----- Data -----

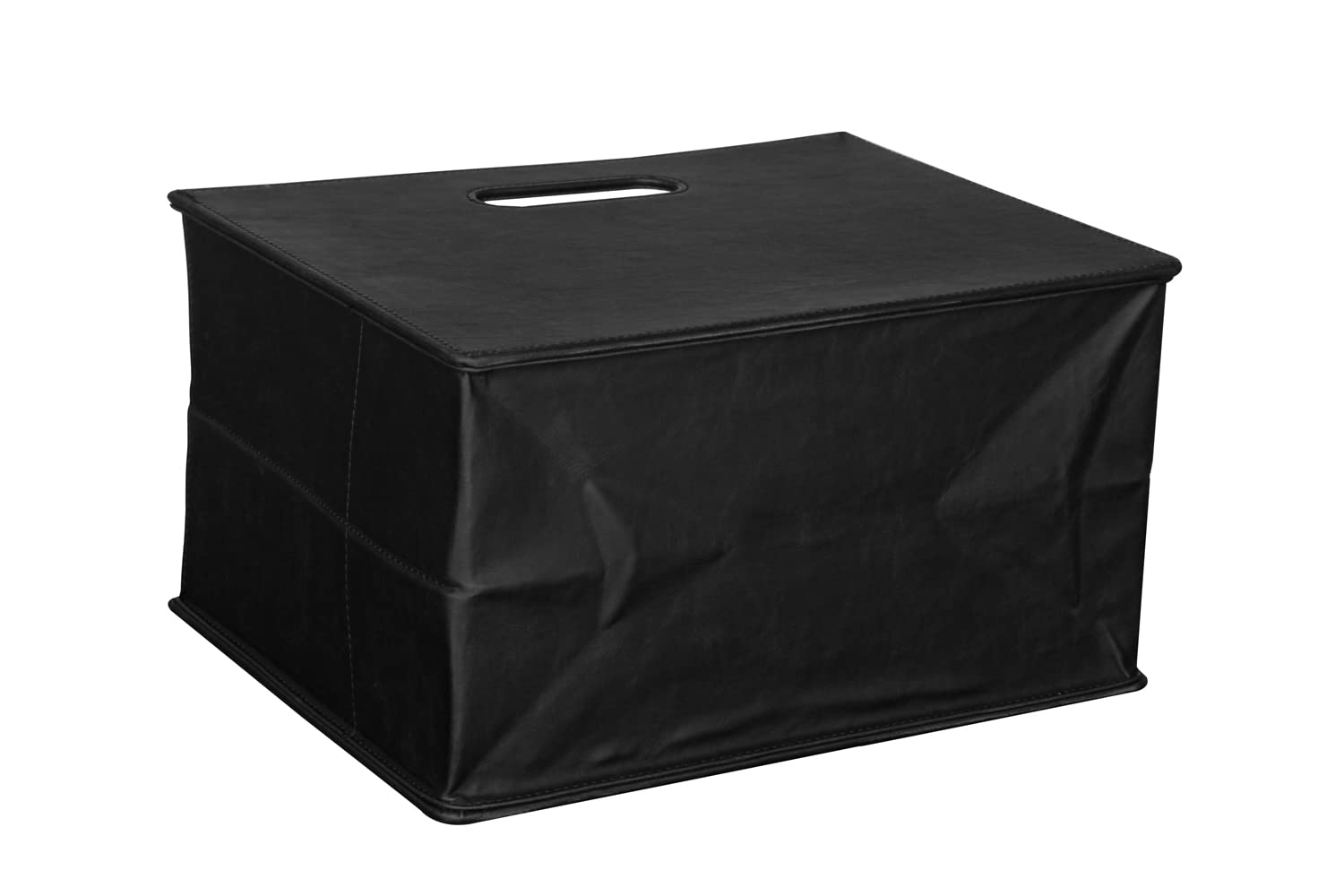 HofferRuffer Portariviste in pelle portariviste con manico, cestino portaoggetti pieghevole, organizer multiuso, nero, 23x33.7x17.6 cm, bambini, regalo per la festa della mamma
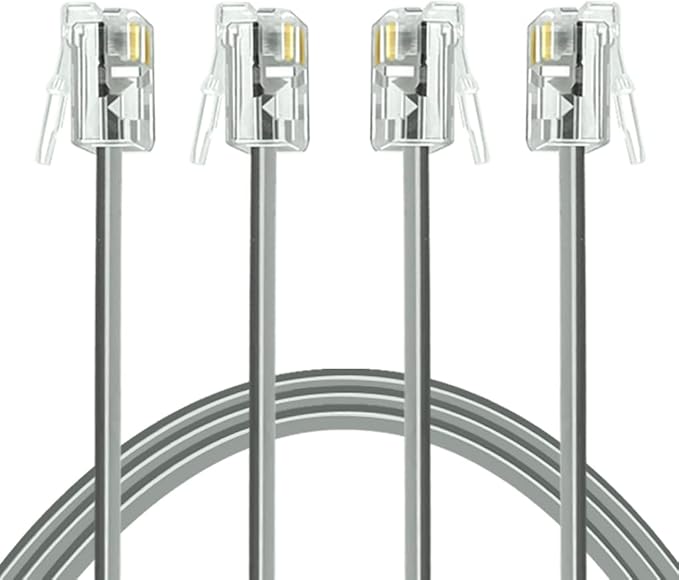 NECABLES 2Pack Phone Cord 15 ft Telephone Cord Phone Cable RJ11 6P4C Male to Male for Landline Phone and Fax - 15 Feet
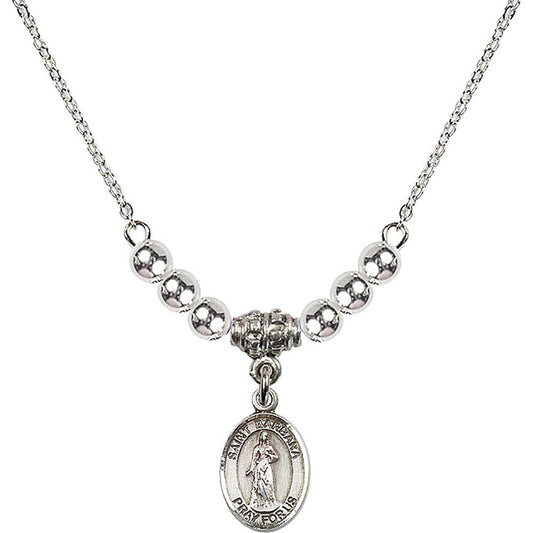 Sterling Silver Saint Barbara Birthstone Necklace with Sterling Silver Beads - 9006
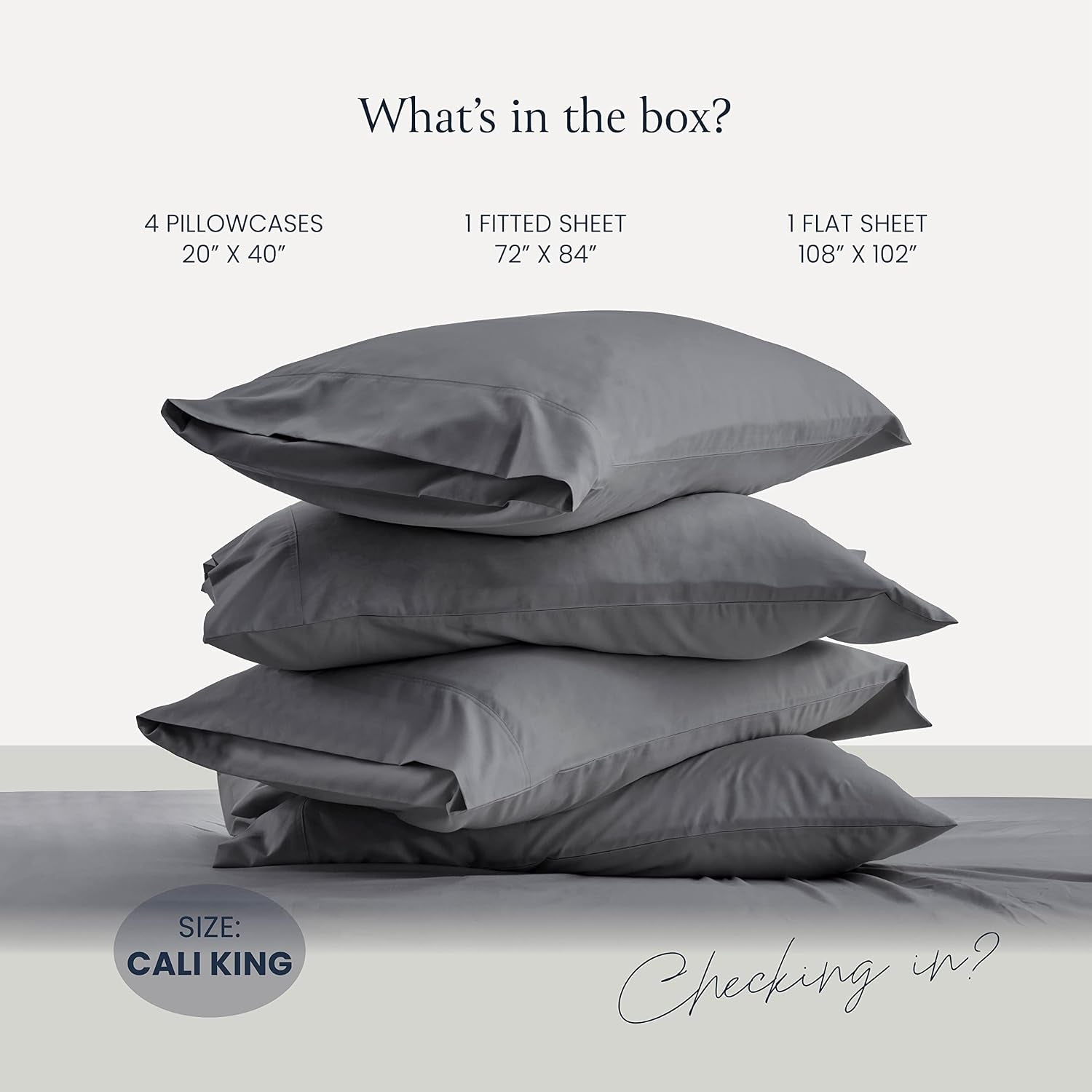 Silky Soft Cali King Sheet Set -Luxury 6 Piece Bed Sheets for California King Size Bed, Secure-Fit Deep Pocket Sheets with Elastic, Breathable Hotel Sheets & Pillowcase Set, Wrinkle Free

-----

Write out everything in the data word for word. Omit each picture.

### Your solution:
 HofferRuffer Portariviste in pelle portariviste con manico, cestino portaoggetti pieghevole, organizer multiuso, nero, 23x33.7x17.6 cm, bambini, regalo per la festa della mamma
 NECABLES 2Pack Phone Cord 15 ft Telephone Cord Phone Cable RJ11 6P4C Male to Male for Landline Phone and Fax - 15 Feet
 Sterling Silver Saint Barbara Birthstone Necklace with Sterling Silver Beads - 9006
 Silky Soft Cali King Sheet Set -Luxury 6 Piece Bed Sheets for California King Size Bed, Secure-Fit Deep Pocket Sheets with Elastic, Breathable Hotel Sheets & Pillowcase Set, Wrinkle Free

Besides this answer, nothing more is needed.